2. The method according to claim 1, wherein said updating, at the additional training round, the first backbone parameters of the first neural network portion is further based on a first backbone sharing parameter; and said updating, at the additional training round, the second backbone parameters of the second neural network portion is further based on a second backbone sharing parameter.

3. The method according to claim 2, wherein the first backbone sharing parameter is configured to control an amount of the second backbone parameters obtained for updating the first backbone parameters of the first neural network portion, and the second backbone sharing parameter is configured to control an amount of the first backbone parameters obtained for updating the second backbone parameters of the second neural network portion.

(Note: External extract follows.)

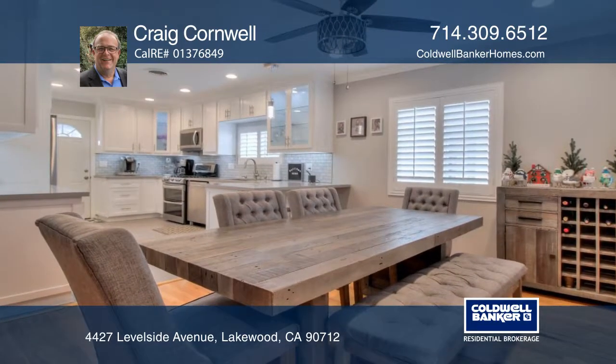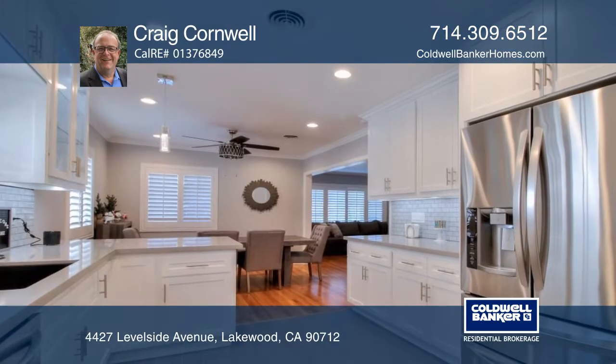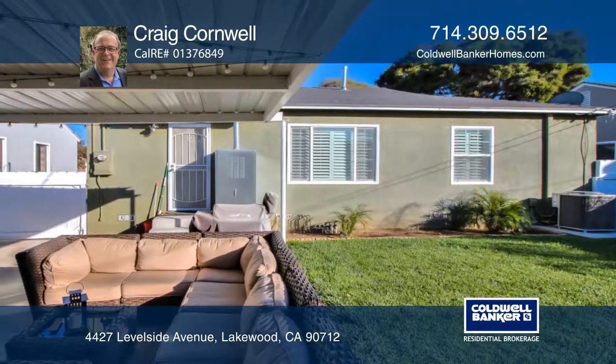The upgraded kitchen offers stainless steel appliances, a backsplash, quartz counters, and a breakfast bar. The backyard is ideal for entertaining with its covered patio. A workshop garage and oversized shed offers space for in-unit laundry.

4. The method according to any one of claims 1 to 3, wherein said performing the plurality of additional training rounds comprises performing a number of additional training rounds until each of the first and second neural network portions converges.

5. The method according to any one of claims 1 to 4, wherein the first and second neural network portions each comprises a Swin Transformer as a backbone thereof, the first backbone parameters comprise first weight parameters; and the second backbone parameters comprise second weight parameters.

6. The method according to any one of claims 1 to 5, wherein the first neural network portion comprises a plurality of task classifiers configured to perform a plurality of classification tasks, respectively, the training dataset comprises labelled images comprising multi-attribute labelled images, and the first neural network portion is trained for the plurality of classification tasks simultaneously.

7. The method according to any one of claims 1 to 6, further comprising performing finetuning of the first and second neural network portions comprising: performing, for each labelled image of a subset of labelled images of the training dataset, a low-frequency spectral alignment of the labelled image with respect to an image of a subset of images of a second dataset to obtain a low-frequency aligned labelled image, thereby obtaining a low-frequency aligned training data subset.

8. The method according to claim 7, wherein said performing, for each labelled image of the subset of labelled images of the training dataset, the low-frequency spectral alignment of the labelled image with respect to the image of the subset of images of the second dataset comprises: obtaining a Fourier transform of the labelled image and a Fourier transform of the image; obtaining a magnitude spectrum and a phase spectrum of the Fourier transform of the labelled image and obtaining a magnitude spectrum of the Fourier transform of the image; and performing the low-frequency spectral alignment of the labelled image based on the magnitude spectrum and the phase spectrum of the Fourier transform of the labelled image, the magnitude spectrum of Fourier transform of the image and a first alignment parameter.

9. The method according to claim 8, wherein said performing the low-frequency spectral alignment of the labelled image comprises: modifying the magnitude spectrum of the Fourier transform of the labelled image based on the magnitude spectrum of the Fourier transform of the image and the first alignment parameter to obtain a modified magnitude spectrum of the Fourier transform of the labelled image; and performing an inverse Fourier transform based on the modified magnitude spectrum and the phase spectrum of the Fourier transform of the labelled image to obtain the low-frequency aligned labelled image.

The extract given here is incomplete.